Curator 5.5.1 Problem


#1

Hello, I have a question about the compatibility of curator 5.5.1 with elasticsearch 6.2.3. I created curator.yml and action.yml. When trying to run the curator with the command curator --config /home/rejnet/curator/curator.yml --dry-run /home/rejnet/curator/delete_index.yml
nothing happens.

curator,yml :

---
client:
  hosts:
    - 192.168.2.2
  port: 9200
  url_prefix:
  use_ssl: False
  certificate:
  client_cert:
  client_key:
  ssl_no_validate: False
  http_auth:
  timeout: 30
  master_only: False

logging:
  loglevel: INFO
  logfile:
  logformat: default
  blacklist: []

delete_index.yml :

---
# Remember, leave a key empty if there is no value.  None will be a string,
# not a Python "NoneType"
#
# Also remember that all examples have 'disable_action' set to True.  If you
# want to use this action as a template, be sure to set this to False after
# copying it.
actions:
  1:
    action: delete_indices
    description: >-
      Delete indices older than 10 days (based on index name), for suricata-
      prefixed indices. Ignore the error if the filter does not result in an
      actionable list of indices (ignore_empty_list) and exit cleanly.
    options:
      ignore_empty_list: True
      timeout_override:
      continue_if_exception: False
      disable_action: True
    filters:
    - filtertype: pattern
      kind: prefix
      value: suricata-
      exclude:
    - filtertype: age
      source: name
      direction: older
      timestring: '%Y.%m.%d'
      unit: days
      unit_count: 10
      exclude:
 2:
    action: delete_indices
    options:
      continue_if_exception: True
      disable_action: False
    filters:
    - filtertype: pattern
      kind: prefix
      value: metricbeat-
    - filtertype: age
      source: name
      direction: older
      timestring: '%Y.%m.%d'
      unit: days
      unit_count: 10
 3:
    action: delete_indices
    options:
      continue_if_exception: True
      disable_action: False
    filters:
    - filtertype: pattern
      kind: prefix
      value: snmp-
       - filtertype: age
      source: name
      direction: older
      timestring: '%Y.%m.%d'
      unit: days
      unit_count: 10
4:
    action: delete_indices
    options:
      continue_if_exception: True
      disable_action: False
    filters:
    - filtertype: pattern
      kind: prefix
      value: filebeat-
    - filtertype: age
      source: name
      direction: older
      timestring: '%Y.%m.%d'
      unit: days
      unit_count: 10
5:
    action: delete_indices
    options:
      continue_if_exception: True
      disable_action: False
    filters:
    - filtertype: pattern
      kind: prefix
      value: logstash-
    - filtertype: age
      source: name
      direction: older
      timestring: '%Y.%m.%d'
      unit: days
      unit_count: 10

Have you ever met anyone with such a problem?


(Aaron Mildenstein) #2

A recent joke about YAML formatting errors was that it should instead be labeled, "A Series of Unfortunate Indents."
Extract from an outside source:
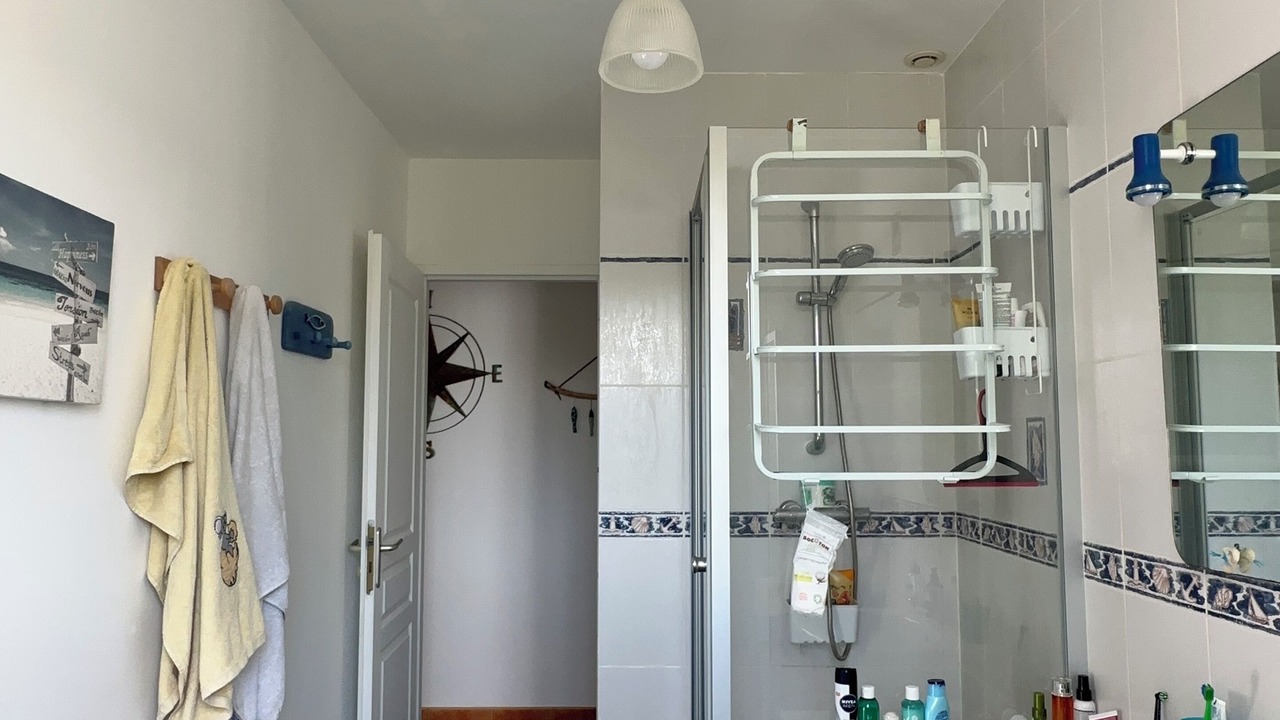 Photo of Bathroom in La Bree-les-Bains
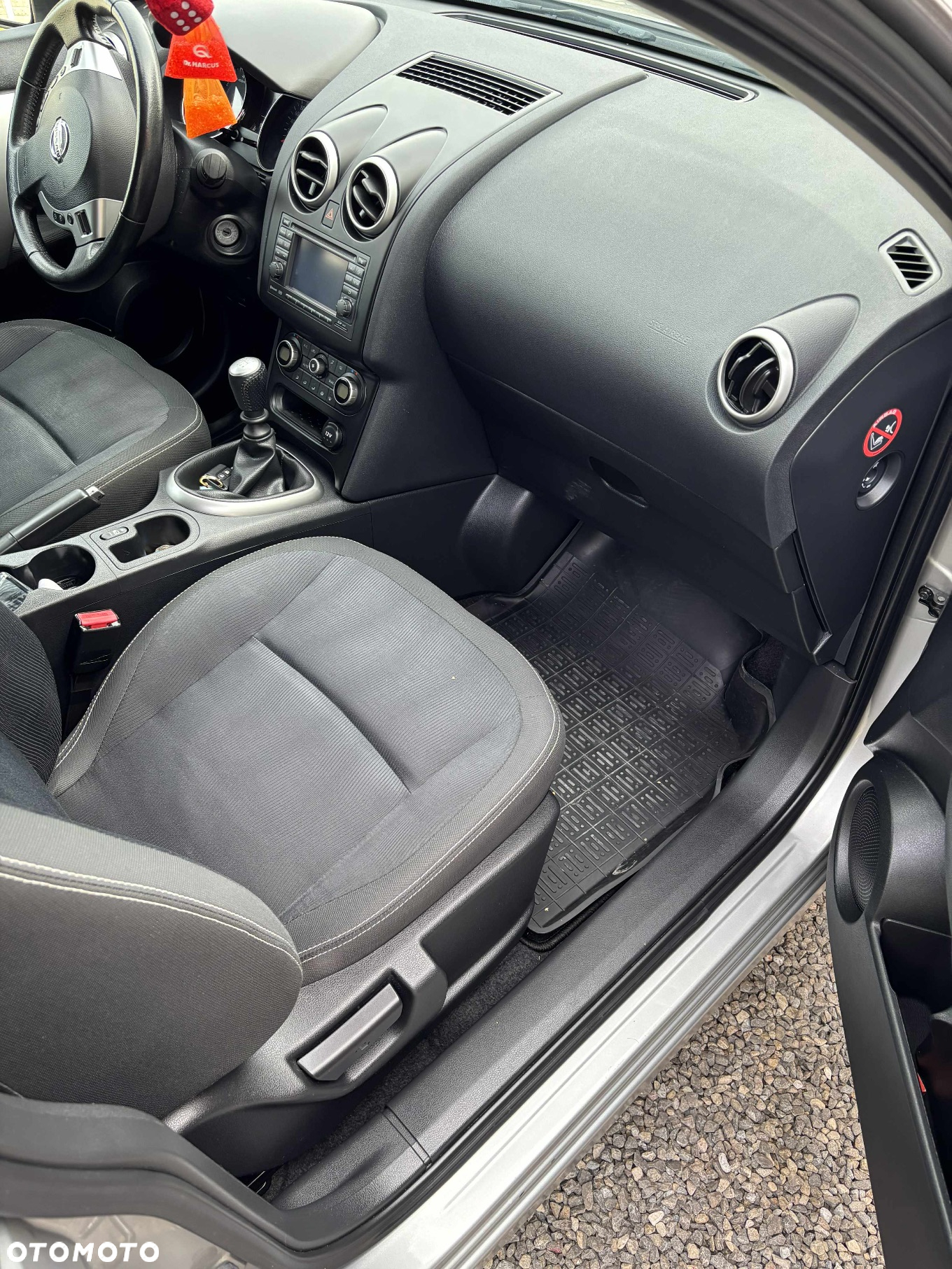 Nissan Qashqai 2.0 Acenta - 12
The 4 and the 5 are not indented properly, and so Curator cannot make sense of the file.


(andy_zhou) #3

as i know ,this only test not delete the index... see the log..


#4

Thank you for the answers, the problem was about inappropriate indents in the yaml file, just like theuntergeek wrote.


(system) #5

This topic was automatically closed 28 days after the last reply. New replies are no longer allowed.